直接雨を降らせるのは難しい。なら少し目先を変えてみるか。
「あの。生活用水は井戸ですよね」
「セイカツヨウスイ?ああ、飲み水か。そうだよ」
「洗濯は?」
「川に行ってる。着るもん持ってくほうが軽いから」
「…畑は?」
そういえば、まだ一度も足を運んだことない。
「昔は雨水を貯めてた。でも最近、やっと水路ができたんだよ」
心底驚いたら、心外そうな顔をされた。
「…先生。さすがに俺達でも、それくらいできますよ」
馬鹿にしたつもりはないんだけど。まあ不安に思ったのは事実だし。
水利の問題でも、土壌の問題でも日当たりの問題でもない。病害虫や冷害でも。だとすると、他に考えられることは……?
「水争いなんでさ」
「水?さっき水路は大丈夫って言ったばかりじゃ」
「水路は、いいんです。ただ……隣村の奴らが」
「……………」
天を仰ぐ。頭を抱える。万国共通、永遠不変。人類の敵は人類なのか。いろいろ失くして始まった新時代の彼らも、さっそく同じ轍を踏んでる。
「あー……要するに、戦争?」
「そこまで大袈裟じゃありません。怪我なんかさせたら大事になります」
端的に言うと、正面衝突は避けつつ出し抜ければいいらしい。
「路線図とかは?」
「これです」
御丁寧に作られていて。無駄に縮尺入り、精度は結構高い。誰か旧時代の技術を受け継いだ?――後で聞いたら、内弟子ちゃんの先祖たるあん畜生の設計だとか。まあ、そんなことはどうでもいい。水路の分岐点に同じ印が沢山。水門みたいなものだろうか。
「…これは?」
「流れを切り替えるんです。入れっぱなしも作物に悪いですから」
まあ、そうだろう。ある程度育ったら中干がどうとか。農家出の知り合いに苦労話を聞かされたことがある。
「じゃあ、ここに双方の見張りがいるのね」
「は?」
「夜は回り番……って、誰もいないの!?」
「みんな寝ますよ。明日の仕事に響くじゃないですか」
「……………」
まさか、旧世代人のヨゴレな心が役立つとは。
夜討ち朝駆けは戦の基本。理系全開のわたしでも知ってる。それくらいで目的を達成できるなら安いもの……のはずなんだけど。何か釈然としない。

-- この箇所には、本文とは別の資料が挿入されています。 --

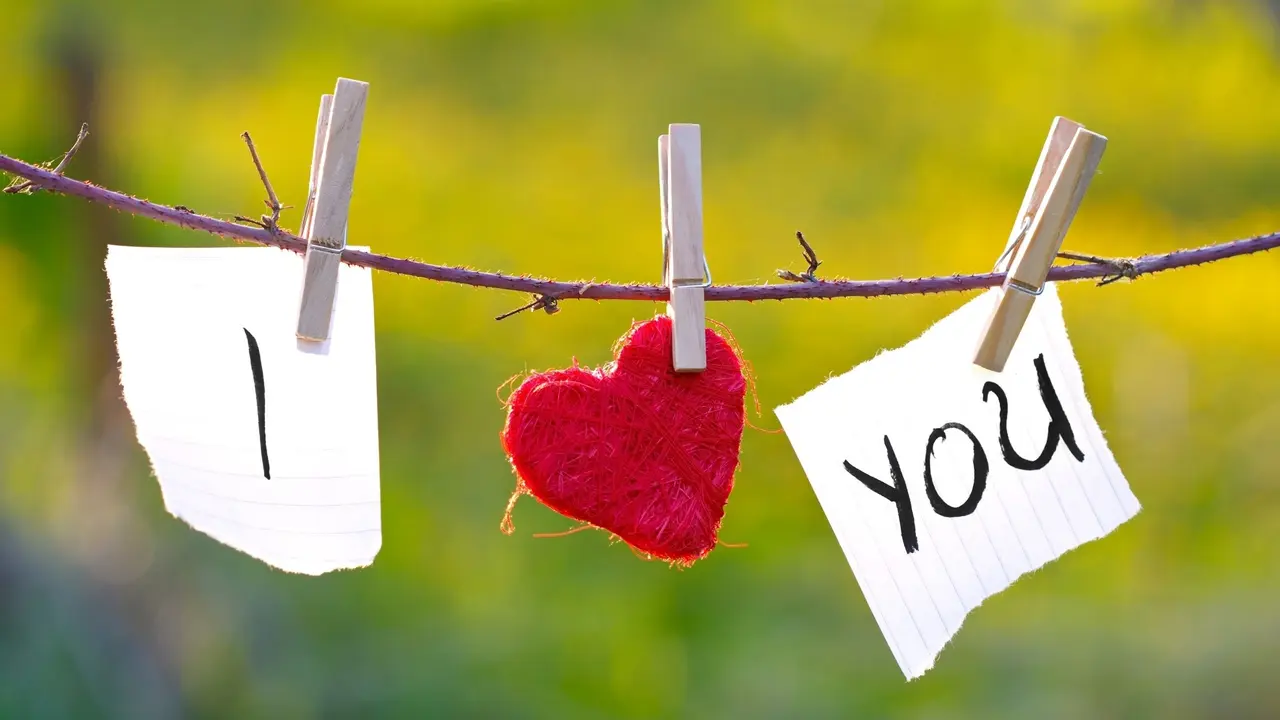 Karena Bilang Cinta Nggak Harus dengan "I Love You"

再び天を仰ぐ。ある意味、これは簡単に片づくかもしれない。
要は、子供の喧嘩。
次の日の朝、内弟子ちゃんに頼んで村のナイスガイを集めてもらう。
「あの……集めて、どうするんですか?」
「決まってるでしょ。こういうのはね、あなたみたいな子に言われたほうが効くのよ」
叱るためだ。
あいつの血を引く内弟子ちゃんの家は、村長ではないけど神主とか相談役みたいな立場になってる。権力がない分だけ、逆に権威は高い。

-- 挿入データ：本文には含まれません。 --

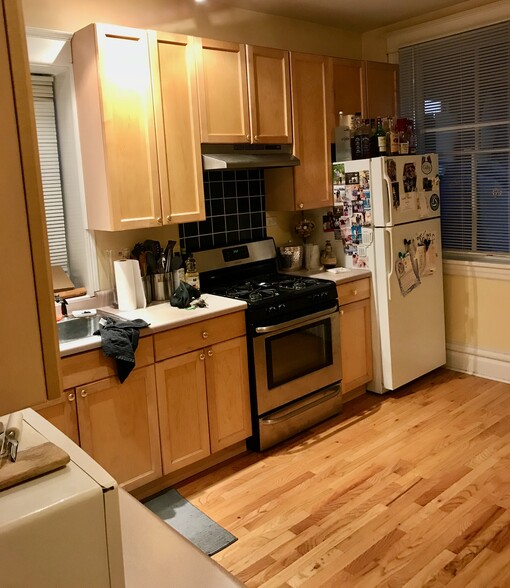 Large Eat-In Kitchen - 1406 W Byron St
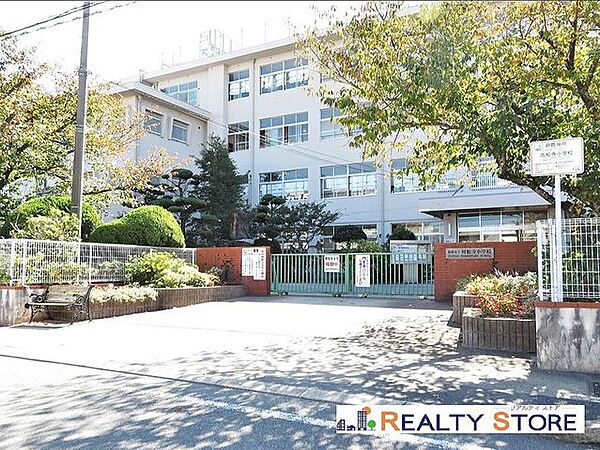 福岡市立周船寺小学校 徒歩9分。 600m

「…こういうことしたらダメだと思います。お水は、ちゃんと足りてるんですから……」
内弟子ちゃんのお母さんに連絡してもらう間、わたし達はひとまず現場を見にいった。疑うわけじゃないけれど、不確かな情報を元に主張できない。これ理系と文系、学問かそうじゃないかによらず誰かと話をする前提。
水路はきちんと管理されていた。切り替えは水門なんて大層なものじゃなく、分岐に大きめの石を何個か置いて、そちらへ水が流れにくくなるようにしている。完全には堰き止めないところが、何とも嫌がらせ的というか中途半端で意地が悪い。相手を干上がらせるつもりまではないのだろう。
あんなものは文明に対する冒涜だ。科学の力で生んだものを、政治の未熟が邪魔してる。
「…というわけで皆さん。今から先生の、ありがたいお話をいただきます。心して聞いてくださいね」
「……へ?」
間抜けな声が出た。
いやいやいやいや。
待って待って待って待って。
政治が幼稚とか思ったけどさ。
そもそもわたし、選挙に行ったことすらないんだよ?
ううう。うううう。
うううううう。
「……ま、まあ。とりあえずさ」
声が震えるのを我慢した。
こんなに緊張するのは、小学校のクラス替えで知り合いが誰もいなかったとき以来。
「あちらさんと話……してみない?」
中学校からは、人の頭がカボチャにしか見えなくなった。